Marriage is a commitment and a challenge and neither Dan nor Catherine were sure what they were looking for when they first met for dinner five years ago, his first experience of online dating, her first date ever as she explained over the course of the evening, shedding the anonymity which protected her since adolescence and revealing herself, hoping he might understand and accept her, the Zebra Girl with her wickedly beautiful stripes.
A complicated woman in a complicated relationship to whom the past is another country, Catherine has reinvented herself, softened her edges with pink jumpers, pink lip gloss, pink nail varnish, even pink silk pyjamas, but her quirks remain, her difficulty in trusting people and insistence in scrupulous honesty coupled with an approach so forthright it can be unsettling.
Holdovers from an eventful childhood in an unhappy home and a brutal institution, the one bright spot was Anita who Catherine now calls out of the blue, asking for urgent and specific help having summarily decided to end her marriage and needing the support of her best friend. A stranger in town, Anita can gather the items on Catherine’s shopping list without arousing suspicion, cleaning products, bin liners, and a bow saw – predictably preferably pink.
Expanded from Derek Ahonen’s play Catherine and Anita by director Stephanie Zari and Sarah Roy who reprises her role as Catherine, the Zebra Girl sees herself as powerful and inspirational, liberated from the shackles which bound her to the expectations of society and the laws of man and nature: “If I was going to kill anyone I would have killed mother” was her defence when tiresomely questioned by the police about actions they couldn’t comprehend.

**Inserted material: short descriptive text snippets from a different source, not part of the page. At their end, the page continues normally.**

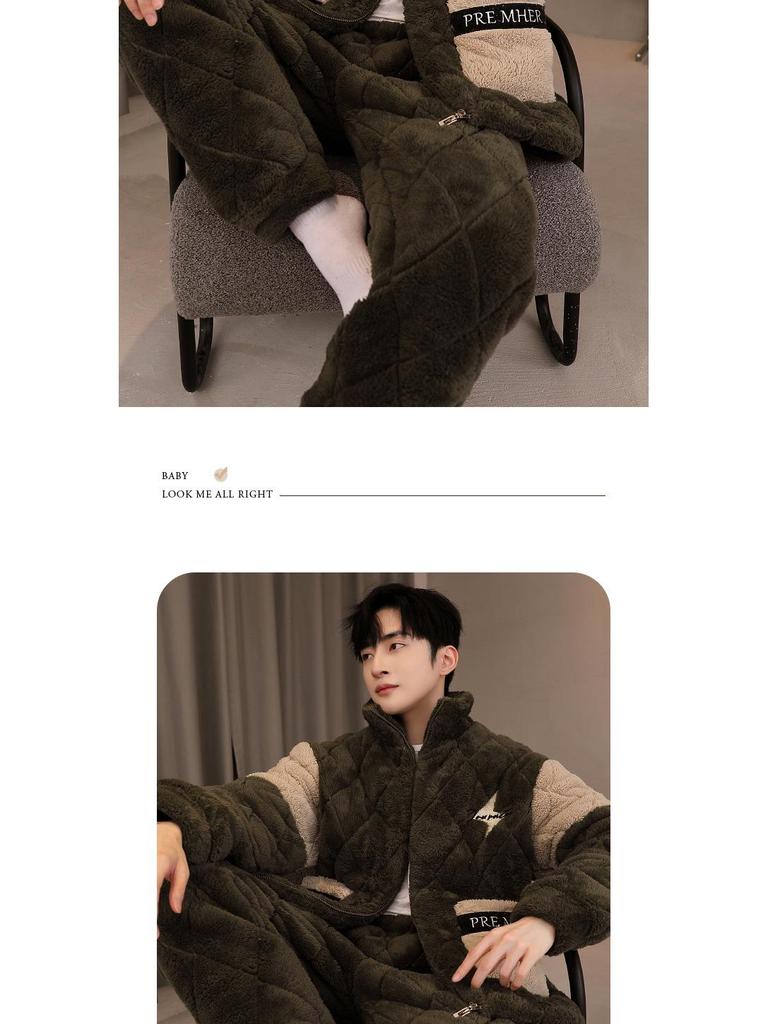 Men's Three-Layer Thickened Cotton Winter Pajamas - Warm, Simple, Luxury, and Suitable for Indoors and Outdoors.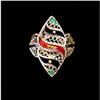 Image 1 : Estate  Enamel Yellow Gold Moroccan Ring  #972230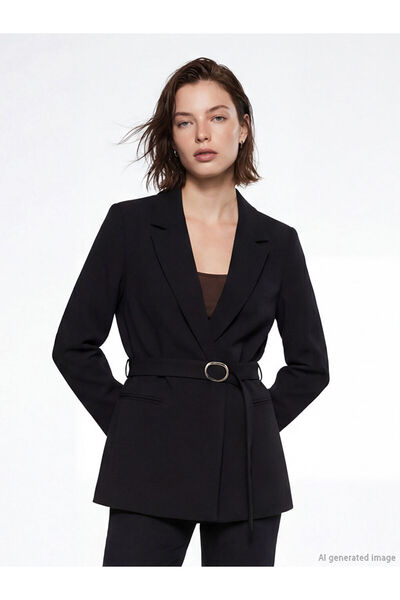 LC Waikiki Γυναικείο μπλέιζερ μπουφάν LCW Vision σε μαύρο χρώμα με κρεπ και ζώνη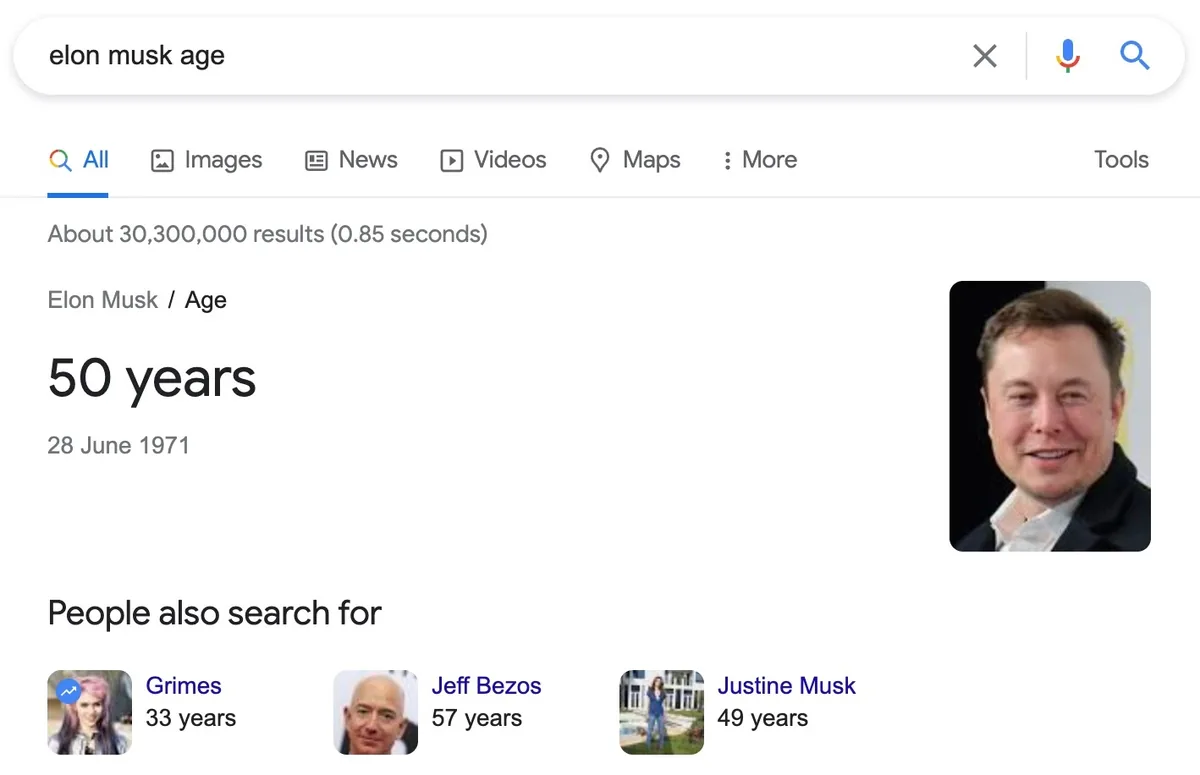 Google 搜索中 “Elon musk age” 的即时答案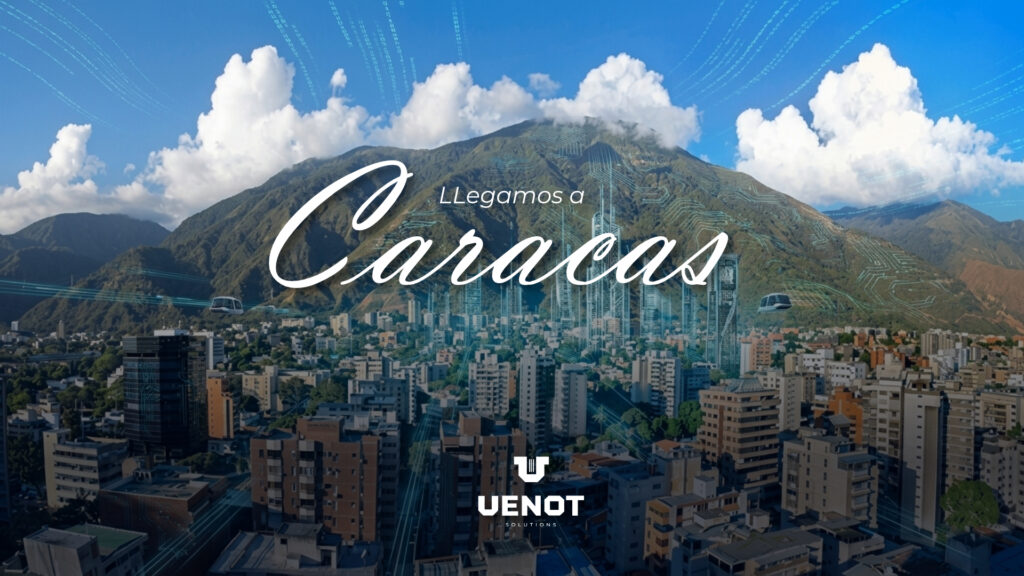 Vista panorámica de Caracas con el Ávila al fondo, integrada con elementos digitales, líneas de código y estructuras tecnológicas futuristas que representan el desarrollo de páginas web en Caracas y la transformación digital de Venot Solutions.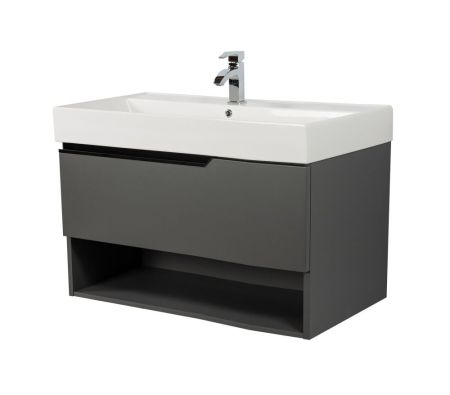 Комплект мебели Visobath Eleven, 1000 мм левый, цвет пепельный матовый лак (Ceniza), артикул 85607/Ceniza/EL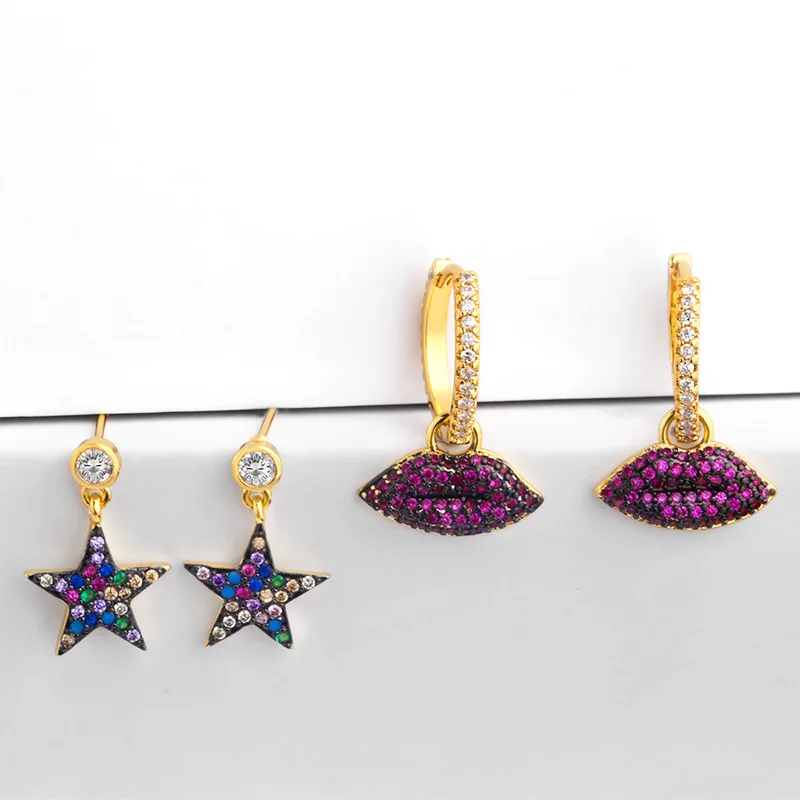 

Trendy Girl Star Earrings Punk Stud Zircon Lip Earrings Huggies Aretes De Moda Accesories Cheap Small Stud Earrings brincos
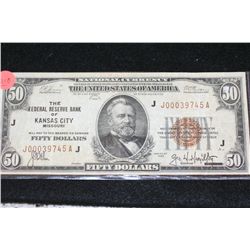 1929 United States National Currency $50, Brown Seal, Kansas City MO Reserve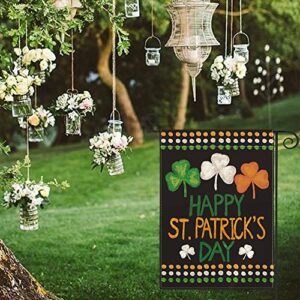 AVOIN colorlife Happy St Patricks Day Garden Flag 12x18 Inch Double Sided, Shamrock Lucky Clover Holiday Yard Outdoor Flag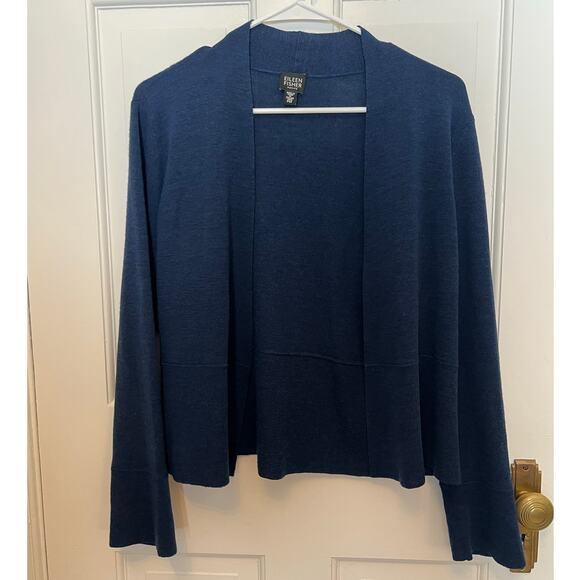 Eileen Fisher Women's M P Open Front Cardigan Sweater Midnight Blue Merino Wool - Picture 1 of 12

Tom Cullen’s Dan blindsided by Catherine’s change of heart, Jade Anouka is Anita, dancing to alleviate the initial shock of the request but struggling with Catherine’s demands and cold indifference even as she tries to comply, while Isabelle Connolly and Romani Wright are the teen Catherine and Anita, presenting a united front of sullen defiance of the norm which Catherine is now reliant on remaining undiminished.
An experience as uncomfortable as Dan and Catherine’s tortuous first date, Zebra Girl is certainly more enjoyable for the audience than the participants, capturing the obsessiveness of Heavenly Creatures and the uncertainty of The Library Suicides, Catherine far from a reliable narrator in life or in her unfinished novella, externalising the black shapes of trauma and madness which crawl through her mind as she presents the smile of a perfect wife to the world.